=== DATASET EXTRACT ===
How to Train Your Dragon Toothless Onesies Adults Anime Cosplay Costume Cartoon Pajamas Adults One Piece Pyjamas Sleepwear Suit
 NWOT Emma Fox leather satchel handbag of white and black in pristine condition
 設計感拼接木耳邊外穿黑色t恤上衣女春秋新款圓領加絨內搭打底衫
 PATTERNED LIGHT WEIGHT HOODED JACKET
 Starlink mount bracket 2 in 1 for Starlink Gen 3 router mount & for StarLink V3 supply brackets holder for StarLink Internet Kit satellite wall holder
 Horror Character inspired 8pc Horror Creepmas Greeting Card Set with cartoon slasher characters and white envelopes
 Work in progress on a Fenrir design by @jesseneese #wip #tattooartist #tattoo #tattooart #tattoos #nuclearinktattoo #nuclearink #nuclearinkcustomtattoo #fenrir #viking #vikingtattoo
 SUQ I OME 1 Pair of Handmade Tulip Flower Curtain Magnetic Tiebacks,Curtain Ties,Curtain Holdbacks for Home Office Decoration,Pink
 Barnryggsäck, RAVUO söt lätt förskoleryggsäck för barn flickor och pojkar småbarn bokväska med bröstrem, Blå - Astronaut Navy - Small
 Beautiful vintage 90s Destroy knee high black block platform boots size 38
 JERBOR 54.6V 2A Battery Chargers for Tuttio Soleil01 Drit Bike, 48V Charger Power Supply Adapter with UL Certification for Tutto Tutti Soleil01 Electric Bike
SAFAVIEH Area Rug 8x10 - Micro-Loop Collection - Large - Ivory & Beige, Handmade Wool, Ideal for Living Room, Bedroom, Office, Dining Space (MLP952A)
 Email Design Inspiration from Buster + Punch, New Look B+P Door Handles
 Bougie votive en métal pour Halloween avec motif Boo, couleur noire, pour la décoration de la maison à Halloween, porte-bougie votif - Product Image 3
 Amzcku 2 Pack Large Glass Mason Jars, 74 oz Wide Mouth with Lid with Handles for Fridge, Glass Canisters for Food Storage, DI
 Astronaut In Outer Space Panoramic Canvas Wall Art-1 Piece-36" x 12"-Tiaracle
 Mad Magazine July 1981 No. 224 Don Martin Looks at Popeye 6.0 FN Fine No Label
===
*WHAT THE TASK REQUIRES:*
Starting with the first line of the records above, give back each line exactly until the line with "SAFAVIEH Area Rug" has been given as well.

*EXERCISE ANSWER:*
How to Train Your Dragon Toothless Onesies Adults Anime Cosplay Costume Cartoon Pajamas Adults One Piece Pyjamas Sleepwear Suit
 NWOT Emma Fox leather satchel handbag of white and black in pristine condition
 設計感拼接木耳邊外穿黑色t恤上衣女春秋新款圓領加絨內搭打底衫
 PATTERNED LIGHT WEIGHT HOODED JACKET
 Starlink mount bracket 2 in 1 for Starlink Gen 3 router mount & for StarLink V3 supply brackets holder for StarLink Internet Kit satellite wall holder
 Horror Character inspired 8pc Horror Creepmas Greeting Card Set with cartoon slasher characters and white envelopes
 Work in progress on a Fenrir design by @jesseneese #wip #tattooartist #tattoo #tattooart #tattoos #nuclearinktattoo #nuclearink #nuclearinkcustomtattoo #fenrir #viking #vikingtattoo
 SUQ I OME 1 Pair of Handmade Tulip Flower Curtain Magnetic Tiebacks,Curtain Ties,Curtain Holdbacks for Home Office Decoration,Pink
 Barnryggsäck, RAVUO söt lätt förskoleryggsäck för barn flickor och pojkar småbarn bokväska med bröstrem, Blå - Astronaut Navy - Small
 Beautiful vintage 90s Destroy knee high black block platform boots size 38
 JERBOR 54.6V 2A Battery Chargers for Tuttio Soleil01 Drit Bike, 48V Charger Power Supply Adapter with UL Certification for Tutto Tutti Soleil01 Electric Bike
SAFAVIEH Area Rug 8x10 - Micro-Loop Collection - Large - Ivory & Beige, Handmade Wool, Ideal for Living Room, Bedroom, Office, Dining Space (MLP952A)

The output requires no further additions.